It is good news, too, that the oil glut hasn’t squelched this intant industry even though the price for solar generating plants is extraordinary and the power they supply is but a drop in the ocean. “It costs $1 to $2 a watt right now for coal or unclear, and photovoltaics is about $10 a watt,’ says Paul Maycock, a top photovoltaics consultant in Alexandria, Va. What’s keeping solar energy alive? The fact that it lends itself to smallscale generating plants, for one thing. “The electric utility industry must move away from the tradition of large, capital-intensive, baseload plants,’ says William Gould, chairman of Southern California Edison. Why so? Because demand for electricity is growing at historic lows and so expansion in small increments has become desirable.

That probably will not mean an increase in the rooftop solar systems first envisaged by the “small is beautiful’ crowd, except in remote locations. Rather, says Andrew Krantz, head of the Department of Energy’s photovoltaic systems research branch, it means the construction of solar generating plants as a supplement to larger, conventional power plants. “Our calculations show that you begin to arrive at economies of scale in solar power at about 20 megawatts a year of production,’ he says. At that level, the price of solar panels would fall to $3 or $3.50 a watt. That’s a long way from the current $10 figure, but Krantz believes Arco should reach the 20-megawatt point in early 1985.

Spurring the solar market onward are generous tax breaks. “The great thing is that tax credits are stimulating large central facilities ten years before they are going to be economic,’ says Maycock. The federal government gives businesses a 15% tax credit for photovoltaic investment, in addition to the usual 10% investment tax credit, and there are state solar tax credits.

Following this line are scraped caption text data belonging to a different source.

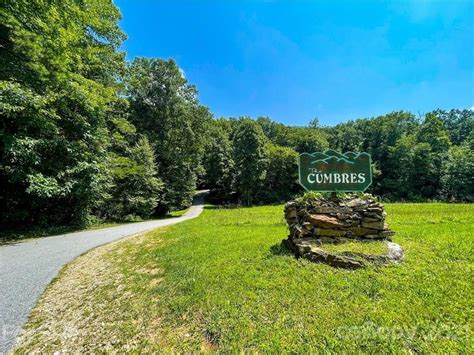 Candler, NC Real Estate - Candler Homes for Sale | realtor.com®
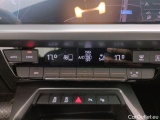  Audi  A3 Audi  Sportback 1.0 30 TFSi 81kW S tronic 5d #24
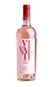 Vinho Vivalti Rosé 750ml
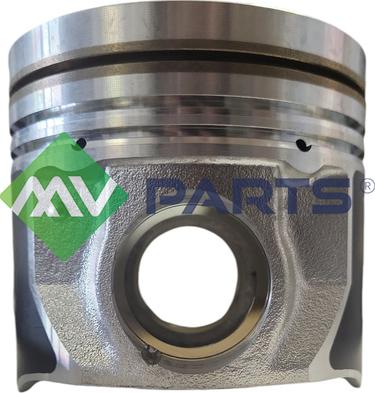 MV Parts MV 73999 - Поршень autozip.com.ua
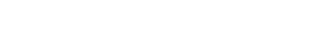 KAPBOM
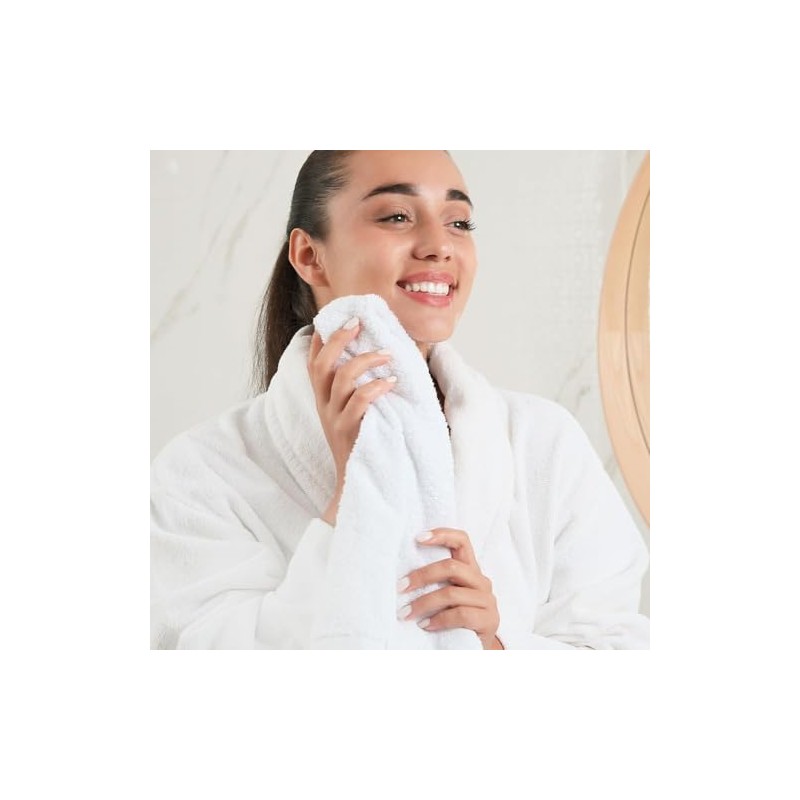 Cream For Normal or Oily Skin 75ml White by Cera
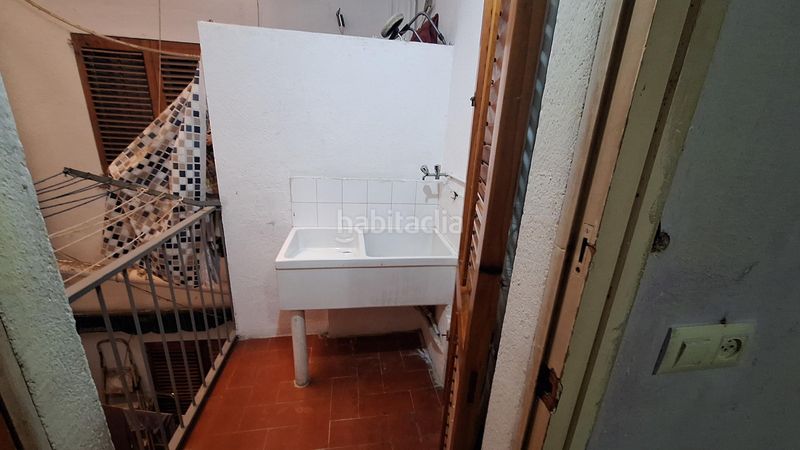 Foto 992494b1-b8d4-4c99-bc2f-ec16ea540e8e. Pis a Can Gibert del Pla Girona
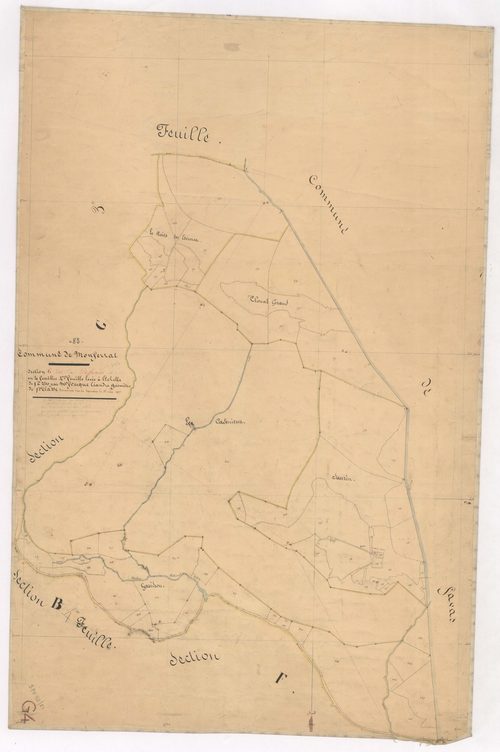 3PP_082_21
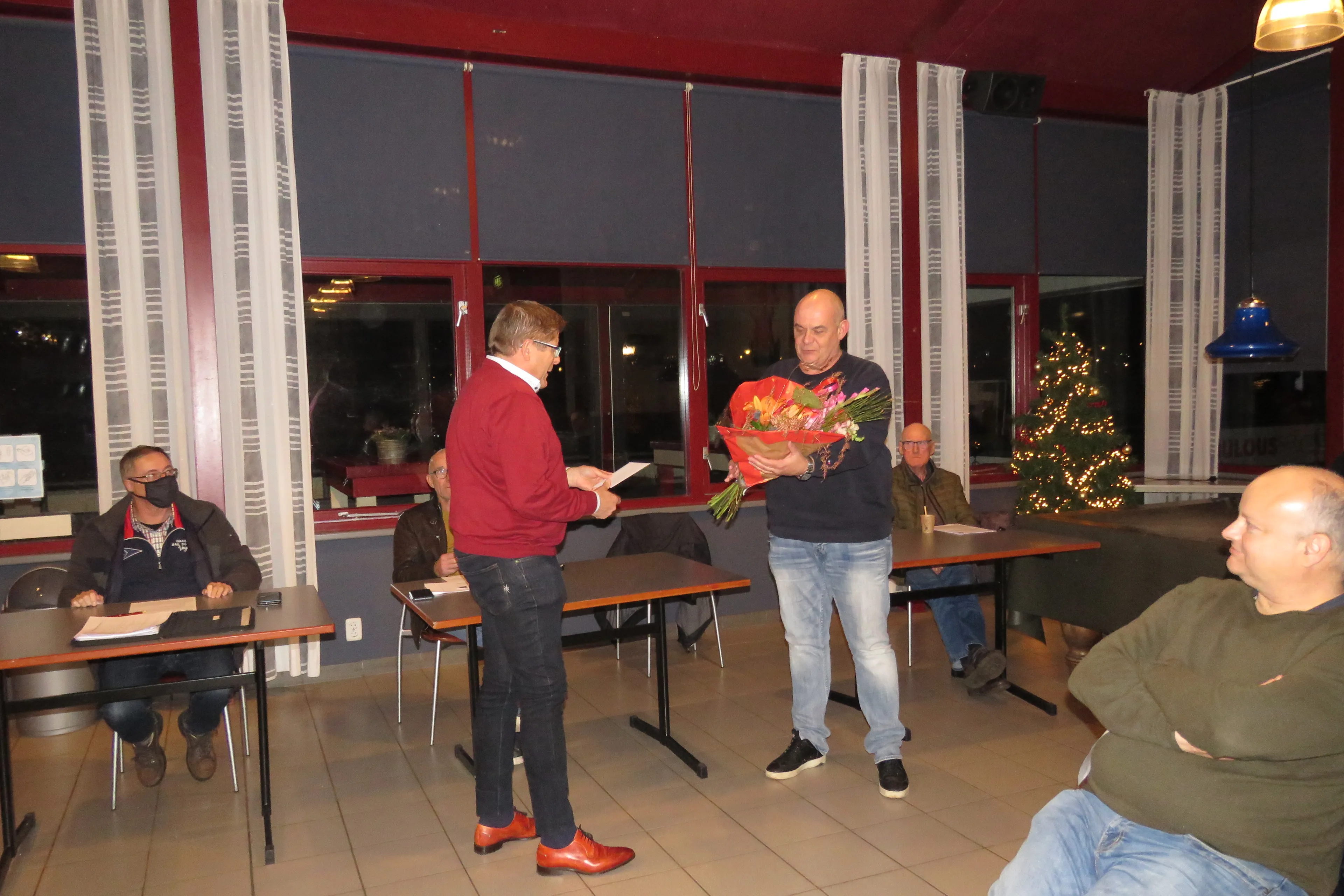 jaarvergadering 2020 a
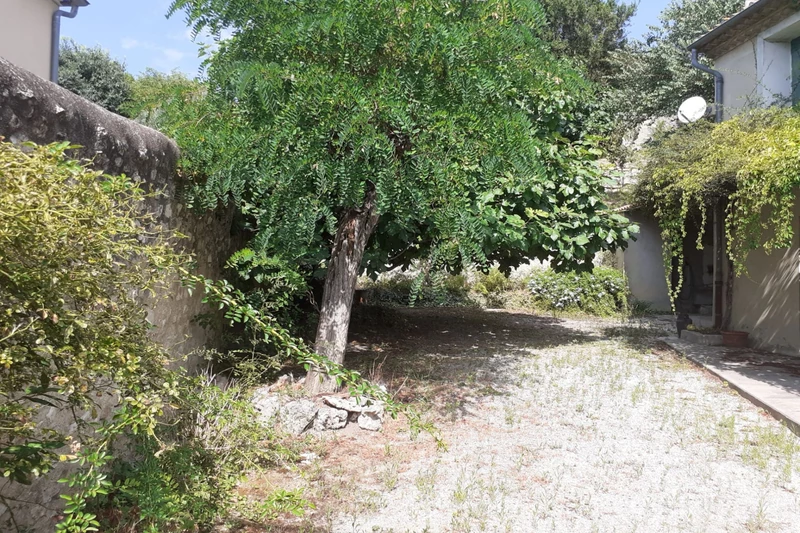 Vente maison Assas  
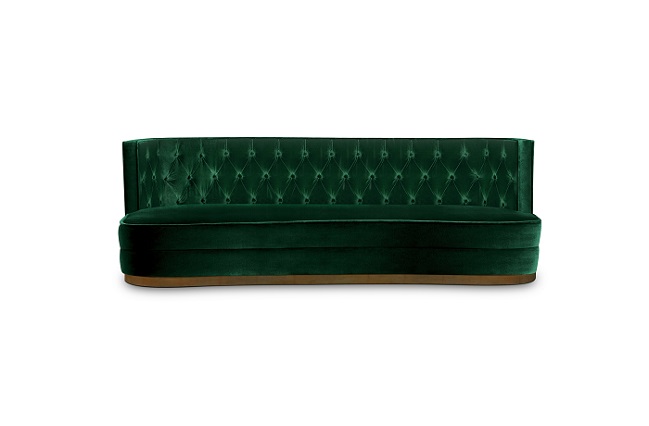 6 MUST HAVE SOFAS FOR 2016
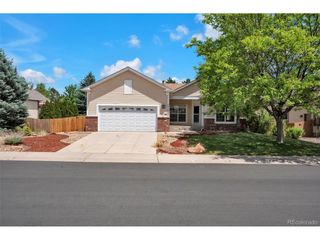 21027 Hawthorne Ln, Parker, CO 80138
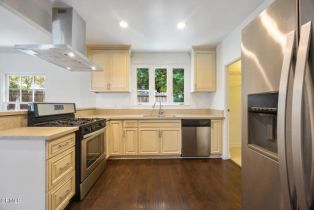 Residential Income, 1430 Pepper dr, Pasadena, CA 91104 - 9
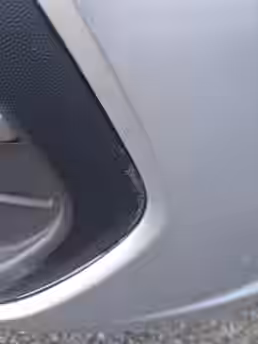 VOLKSWAGEN POLO 36 / 39
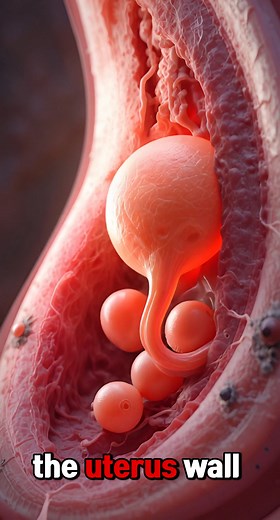 created for educational purposes only to teach anatomy and biology through accurate 3D visuals. Subscribe to Decoded Anatomy for more 3D anatomy and human biology lessons every week! 🧬 | Medical HUB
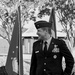 ACC Colonel Promotes to Brig. Gen.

Such tax credits have encouraged photovoltaic tax shelters. United Energy’s projects, sold last year, were among the first. Solarex, the number two solar cell manufacturer, with perhaps $20 million in sales, is negotiating to set up third-party-financed photovoltaic facilities for several major utilities. Arco Solar also plans to use third-party funds for part of its Pacific Gas & Electric facility.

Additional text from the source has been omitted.